Among the modern nonfiction literature, there are rather little applied literature that is really helpful for middle managers to learn about how to manage a team. That is not a surprise — books are often written by people who are far from practice, or by brutal and tough CEOs like Jack Welch.
Kim Scott, the author of Radical Candor: Be a Kickass Boss Without Losing Your Humanity, is an exception. Kim was a CEO coach at Dropbox, Qualtrics, Twitter, and other tech companies. She was a member of the faculty at Apple University and before that led AdSense, YouTube, and DoubleClick teams at Google.
The author is quite self-critical, despite the whole experience: a number of workplace problems has been lived through the hard way, not taken from the side. That is the main message — there is no shame in admitting if you still need to learn how to manage teams, because it isn’t easy even for those who seems to be successful.
The book has two parts: in the first one, Kim outlines the methodology for Radical Candor; in the second one, she doles out random advice on common topics.
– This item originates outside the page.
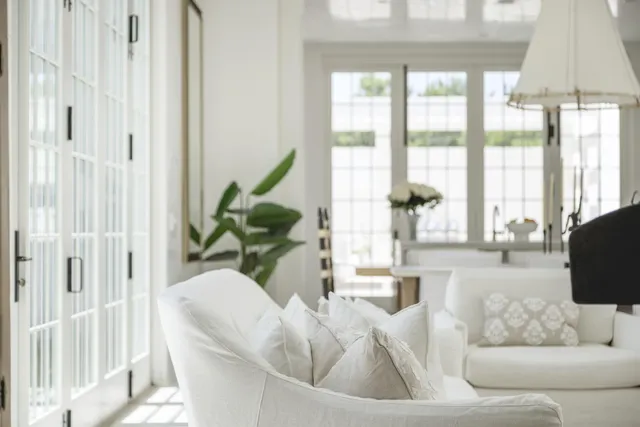 a kitchen with counter top space cabinets and bed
According to the author, the management process is divided into three parts: guidance through critique or praise, team building and delivery monitoring.
Providing guidance is effective only when the manager is involved in the staff development. The highest form of this involvement is tidy but timely critique that makes employees be better. The question is what we can do to this critique to be delivered how to deliver.
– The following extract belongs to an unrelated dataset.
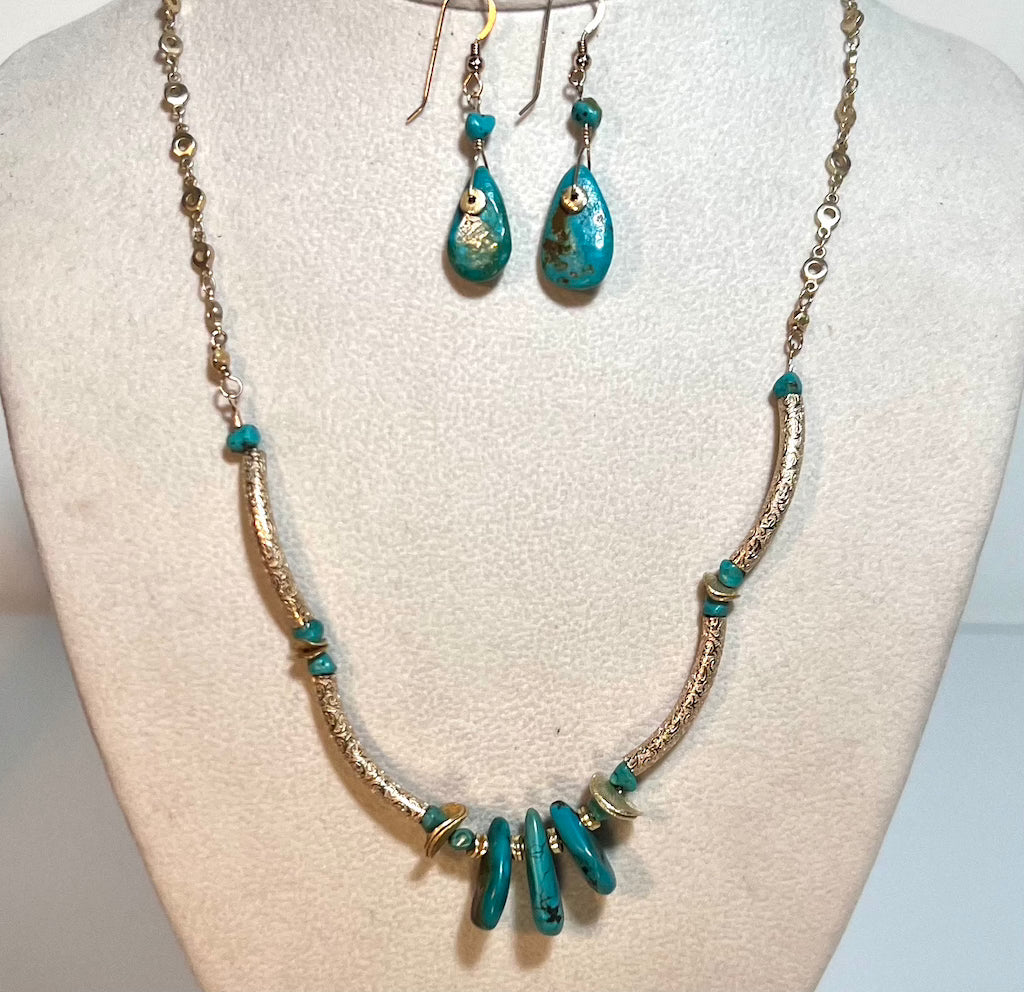 Elegant gold chain necklace with etched gold tubing, adorned with three sliced authentic turquoise pieces.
Kim offers four options, one of which is the coolest, the second is acceptable, and the other two are failures. So, providing guidance falls into four categories:
- Radical Candor is kind and helpful (the best way),
- Obnoxious Aggression, also called “brutal honesty” or “front stabbing” (acceptable but rough way),
- Ruinous Empathy,
- Manipulative Insincerity (forbidden ways).
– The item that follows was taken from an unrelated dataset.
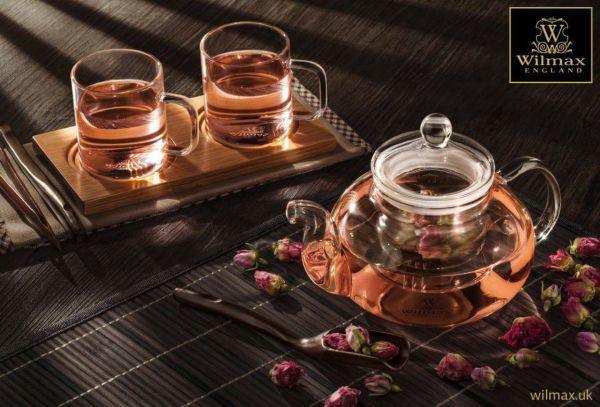 Glass teapot and cups with rose tea on bamboo mat, featuring dried roses and cozy setting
To deal with this whole thing, let’s see the book example.
Let’s assume Alex’s fly is down and he doesn’t even know it. You could take him aside to give a quiet word — that is an example of Radical Candor, i.e. how colleagues should communicate with each other.
Publicly humiliate Alex for his open fly is Obnoxious Aggression. Aggression has its benefits: although he will be embarrassed, the problem will be solved and the employee won’t feel like a jerk after several hours passed with the fly open.
However, such an approach will not contribute to the establishment of strong business relationships. When seeing somebody with their fly down, but, not wanting to embarrass them, saying nothing, with the result that 15 more people see them with their fly down — that is an example of Ruinous Empathy.
And finally, if you don’t say anything about the fly out of fear that Alex will stop respecting you or tell his colleagues how strange you are — that is the worst option, Manipulative Insincerity.
In addition to the methodology review, Kim shares very specific advice on sensitive subjects: how to praise and scold your team members, how to hold private meetings, how to get the colleagues level, etc. These are pretty interesting thoughts that will be useful to a wide readership
A noticeable fact: Kim isn’t aware of modern methodologies, such as OKR or Scrum.
Why is this book 11 out of 10 points? Because it is undoubtedly a systematic, rich and powerful modern book on management. If you want to achieve results from the team, you are a good leader. If you want to achieve specific behavior, you are an excellent leader. If you want to create emotions that shape behavior that produces results, you are an undoubted leader.